PRS also has a call center for patient outreach, and programs for distributing samples and medication guides. But overall, the company emphasizes its connectedness to pharmacies, and looks to pharmacists as key partners in promoting adherence. PRS’ Derek Rago notes that pharmacists are routinely face-to-face with patients, and are highly trusted authorities, so that adherence-support dollars spent in that channel have a high probability of success. One of PRS’ offerings is a straight-up discount that can be applied when a prescription is adjudicated (thus reducing the out-of-pocket expense for the patient) at the pharmacy counter. Another is an incentive program for pharmacists to provide on-the-spot counseling for several minutes to a patient; the incentive shows up in the adjudication system, alerting the pharmacist, and the reimbursement is funded by the manufacturer.
Another element of this service is to train pharmacists in “motivational interviewing,” a type of psychological counseling that tries to elicit responses from patients that improves their own understanding of the value of compliance. “We employ behavioral psychologists to study the entire spectrum of patient adherence,” says Rago. “One of the advantages of motivational interviewing is that you can scale the service across a broad number of interventions.”
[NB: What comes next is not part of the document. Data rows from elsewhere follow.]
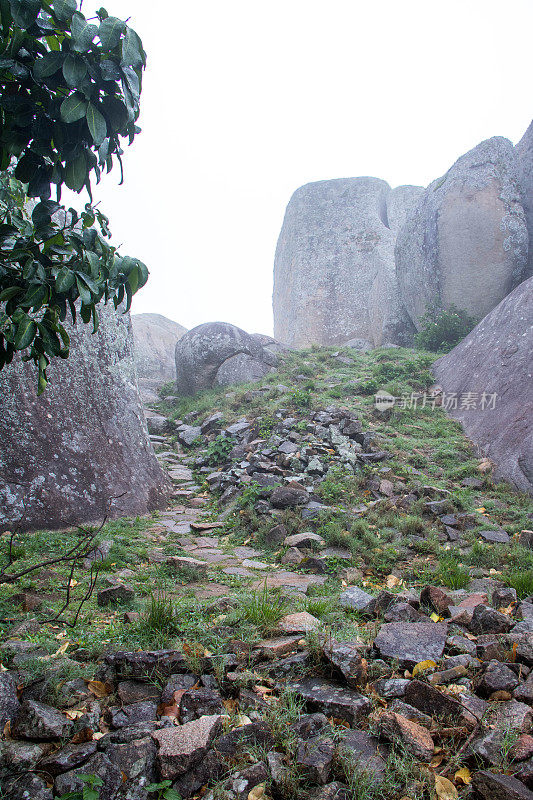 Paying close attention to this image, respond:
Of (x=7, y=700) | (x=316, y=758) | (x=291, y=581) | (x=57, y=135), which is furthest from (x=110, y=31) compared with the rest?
(x=291, y=581)

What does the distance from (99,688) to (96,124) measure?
2366 mm

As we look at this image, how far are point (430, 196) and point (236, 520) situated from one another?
10190 mm

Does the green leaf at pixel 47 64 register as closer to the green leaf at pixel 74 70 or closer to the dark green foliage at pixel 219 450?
the green leaf at pixel 74 70

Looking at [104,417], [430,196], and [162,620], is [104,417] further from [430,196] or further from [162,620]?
[430,196]

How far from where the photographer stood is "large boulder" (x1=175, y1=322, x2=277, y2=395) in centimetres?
1252

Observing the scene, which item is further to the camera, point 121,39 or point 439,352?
point 439,352

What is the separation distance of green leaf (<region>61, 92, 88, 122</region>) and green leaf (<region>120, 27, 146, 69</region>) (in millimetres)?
214

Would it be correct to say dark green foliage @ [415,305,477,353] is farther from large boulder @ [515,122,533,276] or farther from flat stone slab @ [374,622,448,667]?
flat stone slab @ [374,622,448,667]

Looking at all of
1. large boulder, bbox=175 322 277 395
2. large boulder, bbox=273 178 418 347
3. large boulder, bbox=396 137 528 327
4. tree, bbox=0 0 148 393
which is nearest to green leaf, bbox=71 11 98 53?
tree, bbox=0 0 148 393

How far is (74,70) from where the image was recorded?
1821 mm

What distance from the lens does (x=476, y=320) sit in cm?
1139

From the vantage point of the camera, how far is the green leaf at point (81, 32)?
178cm

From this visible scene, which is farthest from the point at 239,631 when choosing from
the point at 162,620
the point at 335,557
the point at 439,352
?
the point at 439,352

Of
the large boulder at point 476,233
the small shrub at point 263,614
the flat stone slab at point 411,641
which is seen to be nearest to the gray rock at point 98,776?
the small shrub at point 263,614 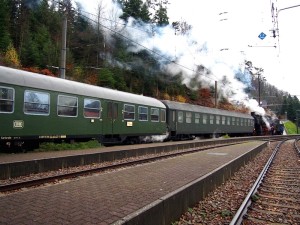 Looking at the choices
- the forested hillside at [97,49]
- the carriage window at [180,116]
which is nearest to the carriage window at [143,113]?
the carriage window at [180,116]

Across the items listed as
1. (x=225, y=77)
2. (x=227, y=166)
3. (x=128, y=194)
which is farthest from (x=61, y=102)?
(x=225, y=77)

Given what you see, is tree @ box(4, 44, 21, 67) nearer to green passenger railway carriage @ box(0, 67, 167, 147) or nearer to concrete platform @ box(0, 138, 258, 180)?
green passenger railway carriage @ box(0, 67, 167, 147)

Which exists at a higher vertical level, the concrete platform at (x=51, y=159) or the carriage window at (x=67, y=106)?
the carriage window at (x=67, y=106)

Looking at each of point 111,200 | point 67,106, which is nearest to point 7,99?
point 67,106

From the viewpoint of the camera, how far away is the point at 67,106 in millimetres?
15430

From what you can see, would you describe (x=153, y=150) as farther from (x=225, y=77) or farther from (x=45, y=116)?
(x=225, y=77)

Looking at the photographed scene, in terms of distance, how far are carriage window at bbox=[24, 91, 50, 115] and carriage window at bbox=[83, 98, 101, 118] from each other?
2563 millimetres

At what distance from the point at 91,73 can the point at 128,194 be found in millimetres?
42789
Timothy Davis, an independent Health Mart pharmacist in Beaver, PA, told the Frost & Sullivan conference attendees that this system fits well into the workflow of busy pharmacists in that they can do the intervention on the fly, as opposed to the structure of the medicine therapy management (MTM) of Medicare and other programs, which require setting aside a block of time for counseling. “The incentive might be a small amount of money, but believe me, independent pharmacists value any revenue stream that can enhance their customer interaction,” he says.
PRS claims an ROI as high as 8:1 in money spent on adherence programs it offers, in terms of higher medicine consumption.
Loyalty card programs are available from a number of sources, including Adheris, a unit of inVentiv Health based in Burlington, MA, and Group DCA (Parsippany, NJ). Many other systems provide coupons at the point of sale (or through mailings to patients). Overall, patients have become accustomed to the use of a card both as a necessary part of belonging to a drug plan, and as a desired part of retail shopping. Most of the larger pharmacy chains have in-house loyalty card programs. A 2005 study by AC Nielsen (Markham, ON) found that 62% of Canadian households made use of a loyalty card with drugstores, and that 57% of all households rated the cards as a “likely” or “very important” element of their choice of store.
Marketing effects
Even though the stereotype of physician’s interactions with patients is that they seldom spend sufficient time explaining drug therapies, or monitoring adherence, those healthcare professionals are still the most cited source of guidance by patients. A February study just released by PharmaForce International (Reading, PA), found that physicians are cited by 46% of patients surveyed more than double any other healthcare professional (Fig. 3).
Pharma companies have by no means been standing still in adherence efforts; anecdotally, most industry sources say that funding and project activity are on the upswing at many firms. Typically, programs are organized with the leadership of brand teams, and with the input of medical affairs, client or customer service functions, and with the sales force as the conduit to distribute samples and educational materials to physicians.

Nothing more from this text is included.